- Task brief
Transcribe only what runs from the line containing "Size: 1700x1275 |" through the end of the listing, line for line and exactly, and omit the pictures.

- Information provided
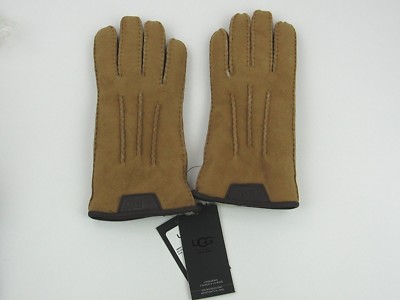 UGG MEN'S CASUAL GLOVES WITH LEATHER LOGO CHESTNUT NWT SIZE MEDIUM 1090073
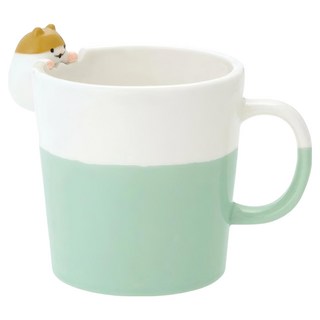 DECOLE 黃金鼠陶瓷馬克杯, 白色/綠色, 1個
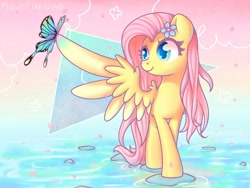 Size: 1700x1275 | Tagged: safe, artist:wavecipher, character:fluttershy, species:pegasus, species:pony, alternate hairstyle, butterfly, cute, female, flower, flower in hair, looking at something, mare, one wing out, shyabetes, sitting on wing, smiling, solo, standing, water, wings
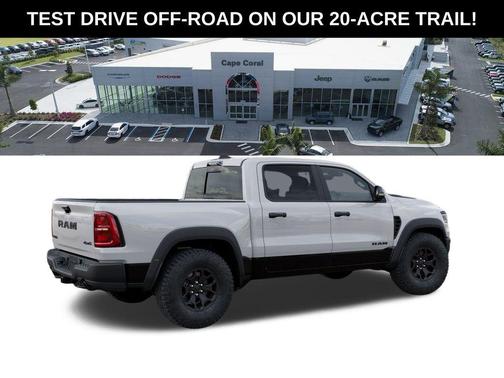 Bright White Clearcoat 2026 RAM 1500 RHO Crew Cab 4x4 5'7' Box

- Solved exercise
 Size: 1700x1275 | Tagged: safe, artist:wavecipher, character:fluttershy, species:pegasus, species:pony, alternate hairstyle, butterfly, cute, female, flower, flower in hair, looking at something, mare, one wing out, shyabetes, sitting on wing, smiling, solo, standing, water, wings
 Bright White Clearcoat 2026 RAM 1500 RHO Crew Cab 4x4 5'7' Box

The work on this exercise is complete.